MIKE VS. DAVE …
Just hours after Caroline Kennedy ended her bid for Hillary Clinton’s Senate seat Thursday, Mayor Bloomberg was once again clashing – loudly and publicly – with Gov. Paterson.
Coincidence?
Hardly.
After all, jousting between Big Apple mayors and New York state governors is the natural state of affairs – not the other way around.
So expect more fireworks – particularly given the fiscal squeeze both men face.
On Thursday, Mayor Mike blasted the governor’s plan to cut as much as $1.6 billion in state aid to the city.
“I understand all localities are being asked to take a bitter pill,” Hizzoner complained, referring to the proposed cut. “I don’t think it’s fair that New York City is being asked to swallow an entire bottle.”
Of course, every special interest is saying exactly the same thing: Paterson, they insist, needs to make deep cuts – to the other guys’ funding.
The mayor even warned, “We have got down to a level at this point where all the cuts from now on will be in the classroom.”
But wait a minute.
Is he suggesting that the city has yet to make any trims in core educational spending – that all funding rollbacks so far (assuming there were any) have been made outside the classroom?
That would truly be odd, given the supposed severity of the fiscal crunch.
As is, for that matter, Hizzoner’s apparent belief that New York can weather the economic downturn without scaling back the public workforce: Insufficient state aid, Mayor Mike said, is a recipe for – sit tight – layoffs.
Uh, hello?
The whole world is engaged in layoffs these days.
New York state has lost 100,000 private-sector jobs in the past two months.
Even Microsoft – which has never laid off anyone – announced (on the same day Bloomberg was whining) that it would soon eliminate as many as 5,000 of its jobs.
Can public employees be spared?
Should they be spared?
Now, for the past few weeks, Bloomberg may have felt he needed to mute his criticism of Paterson’s budget proposals – because he wanted the gov to tap Kennedy for Clinton’s Senate seat.
But all that’s history now.
It’s back to warfare-as-usual.
Remember, New York City mayors are concerned primarily with the city’s interests; governors worry about the entire state.
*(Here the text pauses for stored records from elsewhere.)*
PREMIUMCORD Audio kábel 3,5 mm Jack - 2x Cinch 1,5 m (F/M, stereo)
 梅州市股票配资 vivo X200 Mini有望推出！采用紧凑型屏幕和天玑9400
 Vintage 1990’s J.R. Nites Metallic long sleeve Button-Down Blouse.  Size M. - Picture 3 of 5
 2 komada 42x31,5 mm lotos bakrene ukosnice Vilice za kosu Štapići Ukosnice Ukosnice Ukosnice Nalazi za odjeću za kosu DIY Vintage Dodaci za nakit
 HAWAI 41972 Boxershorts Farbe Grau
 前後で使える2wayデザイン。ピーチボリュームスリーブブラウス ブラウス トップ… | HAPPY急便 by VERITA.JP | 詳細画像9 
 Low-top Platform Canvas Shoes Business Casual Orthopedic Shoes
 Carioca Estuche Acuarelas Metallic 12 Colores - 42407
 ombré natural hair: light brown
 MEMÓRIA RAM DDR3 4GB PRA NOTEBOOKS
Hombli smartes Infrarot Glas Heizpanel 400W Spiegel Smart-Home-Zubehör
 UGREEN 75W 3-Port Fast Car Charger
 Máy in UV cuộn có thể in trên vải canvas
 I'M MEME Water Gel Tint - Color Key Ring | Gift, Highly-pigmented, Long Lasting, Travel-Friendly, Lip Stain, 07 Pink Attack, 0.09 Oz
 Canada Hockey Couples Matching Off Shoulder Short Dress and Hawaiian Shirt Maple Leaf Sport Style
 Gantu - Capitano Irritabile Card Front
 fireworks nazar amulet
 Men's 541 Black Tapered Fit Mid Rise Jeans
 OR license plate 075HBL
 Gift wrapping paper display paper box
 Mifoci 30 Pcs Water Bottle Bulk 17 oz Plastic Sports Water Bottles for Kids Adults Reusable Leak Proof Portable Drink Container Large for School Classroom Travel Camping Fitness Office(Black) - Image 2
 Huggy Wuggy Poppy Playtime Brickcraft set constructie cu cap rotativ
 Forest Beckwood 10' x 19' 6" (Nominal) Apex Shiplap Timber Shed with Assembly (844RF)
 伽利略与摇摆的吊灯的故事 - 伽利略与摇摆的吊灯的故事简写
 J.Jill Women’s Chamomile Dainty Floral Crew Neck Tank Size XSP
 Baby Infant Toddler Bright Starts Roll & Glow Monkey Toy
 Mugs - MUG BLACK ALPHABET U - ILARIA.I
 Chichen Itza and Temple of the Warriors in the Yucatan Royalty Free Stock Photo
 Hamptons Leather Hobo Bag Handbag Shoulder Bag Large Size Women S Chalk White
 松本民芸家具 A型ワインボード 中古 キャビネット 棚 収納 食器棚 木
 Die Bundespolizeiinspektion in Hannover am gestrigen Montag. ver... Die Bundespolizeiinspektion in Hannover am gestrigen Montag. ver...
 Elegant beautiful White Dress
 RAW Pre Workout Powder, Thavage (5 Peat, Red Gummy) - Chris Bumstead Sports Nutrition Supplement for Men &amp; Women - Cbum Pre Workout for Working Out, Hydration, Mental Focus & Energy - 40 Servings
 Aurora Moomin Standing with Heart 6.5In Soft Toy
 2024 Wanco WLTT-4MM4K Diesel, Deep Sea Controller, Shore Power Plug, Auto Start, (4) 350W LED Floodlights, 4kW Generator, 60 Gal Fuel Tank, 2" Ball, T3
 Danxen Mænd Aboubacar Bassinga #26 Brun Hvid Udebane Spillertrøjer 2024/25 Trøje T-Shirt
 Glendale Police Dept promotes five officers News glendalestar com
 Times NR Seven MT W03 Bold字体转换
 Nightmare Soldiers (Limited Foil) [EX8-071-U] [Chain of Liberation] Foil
Their goals and concerns, of necessity, often clash. Consider:
n Gov. Mario Cuomo and Mayor Ed Koch battled – and both were Democrats.
n Gov. George Pataki clashed with Mayor Rudy Giuliani; both were Republicans.
It would be strange indeed, particularly given their tight budgets, if Gov. Paterson and Mayor Bloomberg didn’t likewise go at it – the former being a Democrat, the latter, a who-knows-what these days.
So stay tuned.
If nothing else, it should make for good entertainment.